BEGIN DATASET
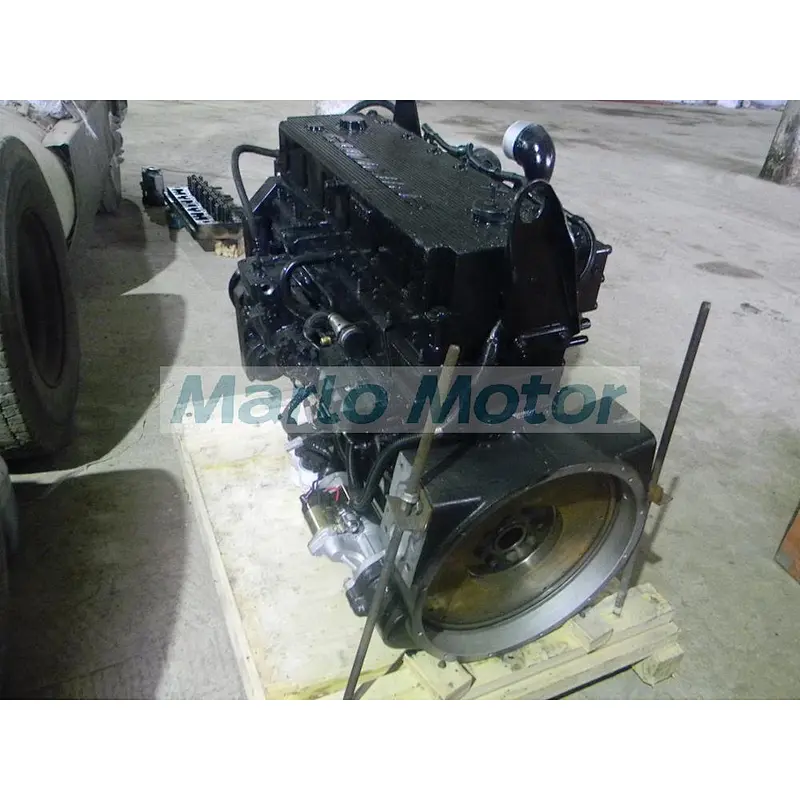 Genuine construction complete 375hp diesel cummins engine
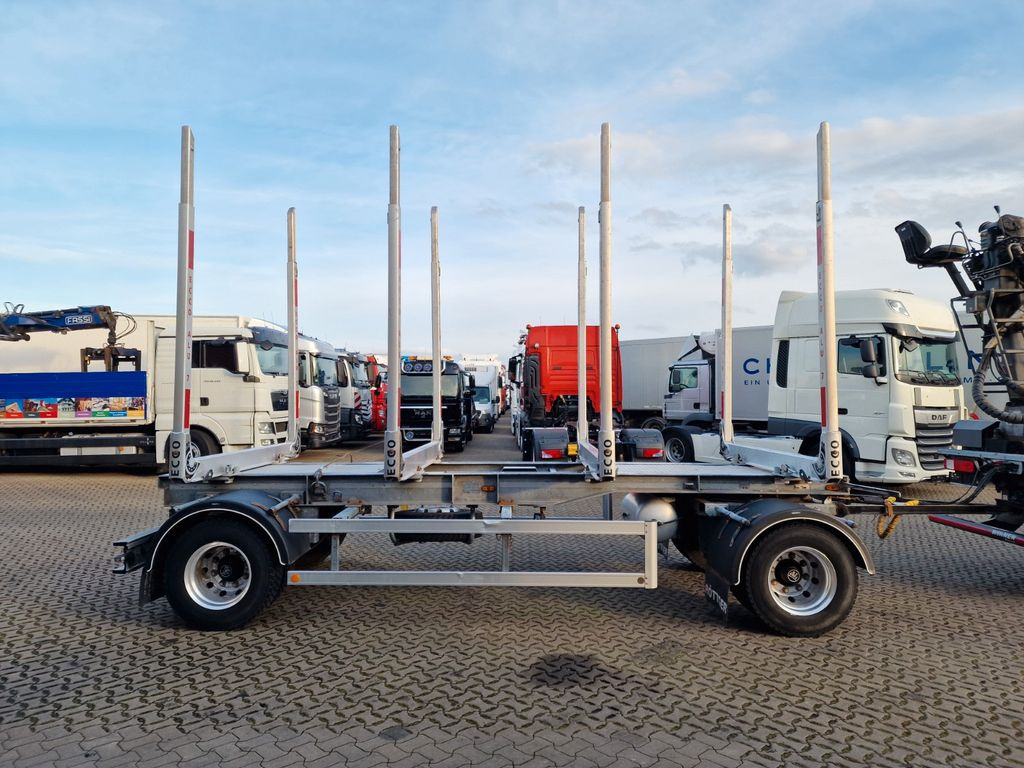 Log truck, Crane truck Renault T 520 / Alu-Felgen / Euro 6D / Liftachse: picture 27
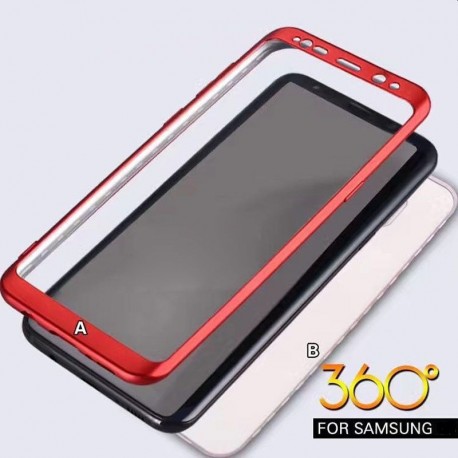 Samsung Galaxy S8  IMAK Ryd Blød Plastik Cover Gennemsigtig
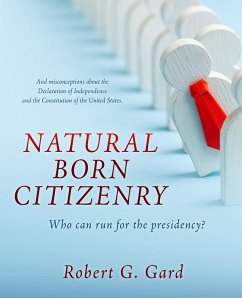Cover Natural Born Citizenry: Who can run for the presidency?
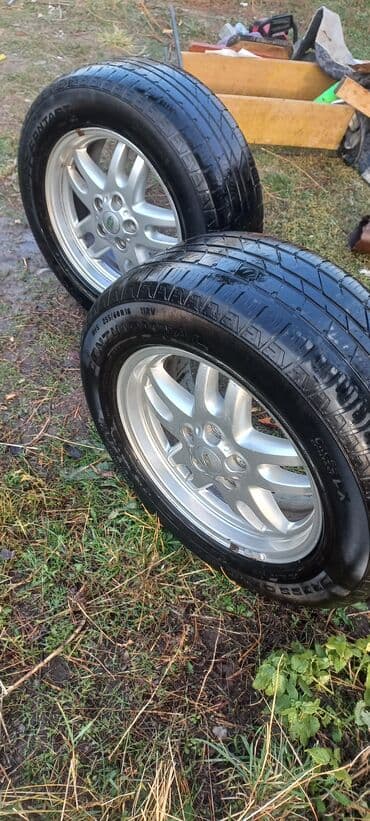 диски на опель зафира а: Литые Диски R 18 Пара, отверстий - 5, Б/у — 6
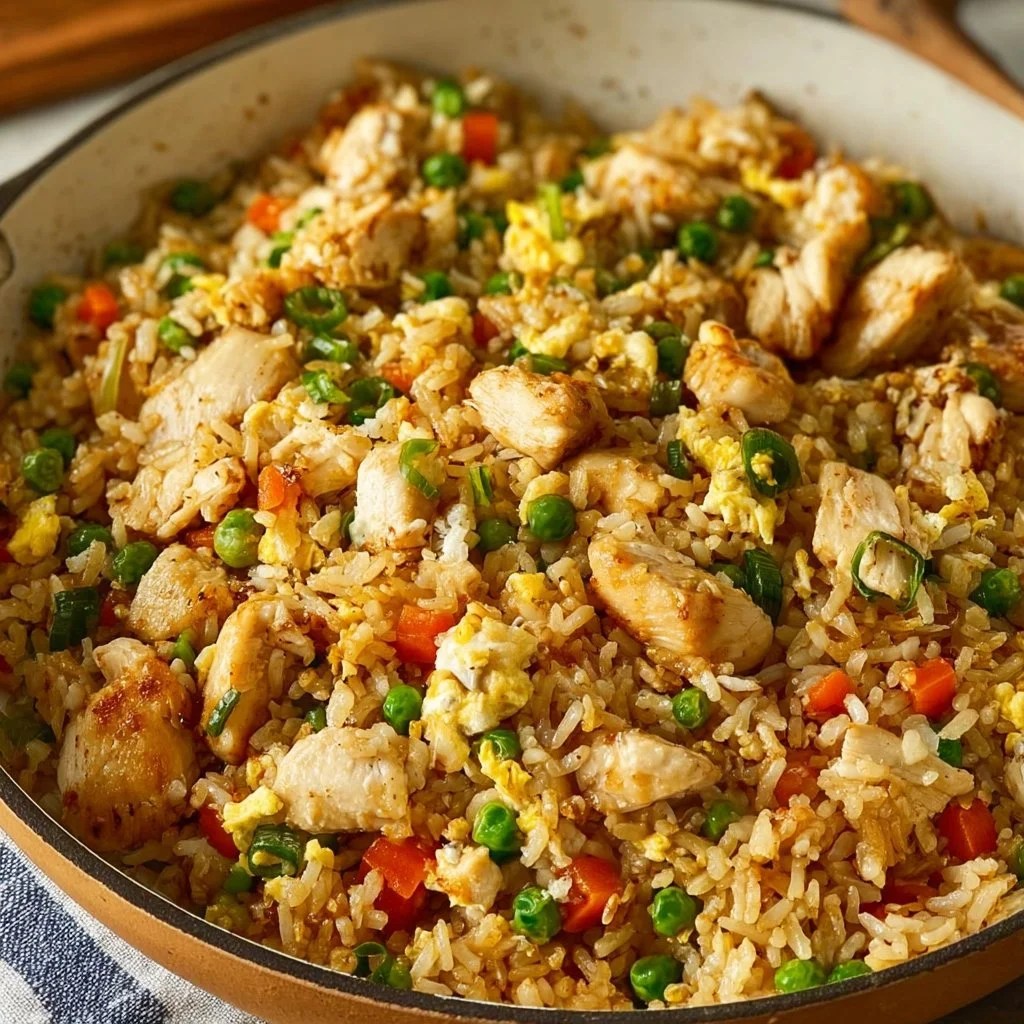 Gluten-Free Chicken Fried Rice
END DATASET
WHAT THE TASK ASKS:
A faithful, complete copy of the entries is required, without the pictures.

RESULT:
 Genuine construction complete 375hp diesel cummins engine
 Log truck, Crane truck Renault T 520 / Alu-Felgen / Euro 6D / Liftachse: picture 27
 Samsung Galaxy S8  IMAK Ryd Blød Plastik Cover Gennemsigtig
Cover Natural Born Citizenry: Who can run for the presidency?
 диски на опель зафира а: Литые Диски R 18 Пара, отверстий - 5, Б/у — 6
 Gluten-Free Chicken Fried Rice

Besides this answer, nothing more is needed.